At the base of Yo-wi-ye we seem standing in a _cul-de-sac_ of Nature's
grandest labyrinth. Look where we will, impregnable battlements hem us
in. We gaze at the sky from the bottom of a savage granite _barathrum_,
whence there is no escape but return through the chinks and over the
crags of an Old-World convulsion. We are at the end of the stupendous
series of Yo-Semite _effects_; eight hundred feet above us, could we
climb there, we should find the silent causes of power. There lie the
broad, still pools that hold the reserved affluence of the snow-peaks;
thence might we see, glittering like diamond lances in the sun, the
eternal snow-peaks themselves. But these would still be as far above us
as we stood below Yo-wi-ye on the lowest valley-bottom whence we came.
Even from Inspiration Point, where our trail first struck the
battlement, we could see far beyond the Valley to the rising sun,
towering mightily above Tis-sa-ack herself, the everlasting
snow-forehead of Castle Rock, his crown's serrated edge cutting the sky
at the topmost height of the Sierra. We had spoken of reaching him,--of
holding converse with the King of all the Giants. This whole weary way
have we toiled since then,--and we know better now.

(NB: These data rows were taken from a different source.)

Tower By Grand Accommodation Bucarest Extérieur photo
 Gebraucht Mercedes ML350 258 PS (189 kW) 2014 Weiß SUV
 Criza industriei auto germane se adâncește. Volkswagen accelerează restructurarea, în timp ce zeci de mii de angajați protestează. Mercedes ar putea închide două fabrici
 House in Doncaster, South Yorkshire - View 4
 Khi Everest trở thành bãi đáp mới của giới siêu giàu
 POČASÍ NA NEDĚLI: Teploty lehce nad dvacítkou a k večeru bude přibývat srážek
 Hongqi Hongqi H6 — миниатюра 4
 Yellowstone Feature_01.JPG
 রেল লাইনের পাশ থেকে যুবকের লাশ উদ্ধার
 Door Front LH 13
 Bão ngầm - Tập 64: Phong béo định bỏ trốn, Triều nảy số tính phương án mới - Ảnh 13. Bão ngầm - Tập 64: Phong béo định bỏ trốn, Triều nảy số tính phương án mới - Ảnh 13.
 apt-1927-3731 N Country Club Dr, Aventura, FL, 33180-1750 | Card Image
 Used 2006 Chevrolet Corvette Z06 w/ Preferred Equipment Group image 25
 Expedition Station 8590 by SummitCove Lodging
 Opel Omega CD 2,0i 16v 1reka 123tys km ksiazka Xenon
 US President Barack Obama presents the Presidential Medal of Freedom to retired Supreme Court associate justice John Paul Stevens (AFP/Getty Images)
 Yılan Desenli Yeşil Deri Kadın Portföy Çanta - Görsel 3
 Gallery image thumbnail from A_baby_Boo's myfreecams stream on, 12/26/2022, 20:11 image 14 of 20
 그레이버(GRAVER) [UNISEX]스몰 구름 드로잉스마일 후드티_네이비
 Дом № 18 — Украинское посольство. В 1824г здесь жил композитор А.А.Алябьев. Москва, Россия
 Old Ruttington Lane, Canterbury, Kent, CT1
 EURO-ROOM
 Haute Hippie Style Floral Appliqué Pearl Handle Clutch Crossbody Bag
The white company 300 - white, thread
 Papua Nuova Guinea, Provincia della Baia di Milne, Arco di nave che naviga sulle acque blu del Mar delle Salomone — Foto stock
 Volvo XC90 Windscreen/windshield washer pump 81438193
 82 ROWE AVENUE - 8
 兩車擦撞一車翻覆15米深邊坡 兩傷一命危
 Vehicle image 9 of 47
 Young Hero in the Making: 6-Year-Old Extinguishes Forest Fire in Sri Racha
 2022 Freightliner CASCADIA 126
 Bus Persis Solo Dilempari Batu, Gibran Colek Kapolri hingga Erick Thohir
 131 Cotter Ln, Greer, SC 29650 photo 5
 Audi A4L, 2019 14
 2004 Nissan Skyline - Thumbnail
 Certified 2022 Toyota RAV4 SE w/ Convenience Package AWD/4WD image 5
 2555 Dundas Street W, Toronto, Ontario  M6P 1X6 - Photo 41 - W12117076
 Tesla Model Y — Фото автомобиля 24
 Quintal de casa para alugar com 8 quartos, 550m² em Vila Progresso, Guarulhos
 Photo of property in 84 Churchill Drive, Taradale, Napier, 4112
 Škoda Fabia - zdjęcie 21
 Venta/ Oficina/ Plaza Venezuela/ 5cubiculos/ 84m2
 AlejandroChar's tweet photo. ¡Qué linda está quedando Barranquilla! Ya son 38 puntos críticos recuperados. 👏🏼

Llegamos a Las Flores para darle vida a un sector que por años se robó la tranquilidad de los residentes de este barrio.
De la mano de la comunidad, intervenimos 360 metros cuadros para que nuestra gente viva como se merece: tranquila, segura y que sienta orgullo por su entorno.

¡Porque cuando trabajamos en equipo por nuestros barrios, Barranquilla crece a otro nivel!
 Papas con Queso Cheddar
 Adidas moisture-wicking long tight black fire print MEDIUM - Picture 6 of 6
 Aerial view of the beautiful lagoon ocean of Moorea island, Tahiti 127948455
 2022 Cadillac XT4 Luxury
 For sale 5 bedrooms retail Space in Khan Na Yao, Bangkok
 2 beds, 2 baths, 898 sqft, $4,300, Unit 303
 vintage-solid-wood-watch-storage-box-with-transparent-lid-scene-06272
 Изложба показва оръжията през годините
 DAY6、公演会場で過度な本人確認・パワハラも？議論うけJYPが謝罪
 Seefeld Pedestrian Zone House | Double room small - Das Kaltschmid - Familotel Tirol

Have we endured all
these pains only to learn still deeper Life's saddest lesson,--"Climb
forever, and there is still an Inaccessible"?
Wetting our faces with the melted treasure of Nature's topmost
treasure-house, Yo-wi-ye answers us ere we turn back from the
Yo-Semite's last precipice toward the haunts of men:--
"Ye who cannot go to the Highest, lo, the Highest comes down to you!"
HOUSE AND HOME PAPERS.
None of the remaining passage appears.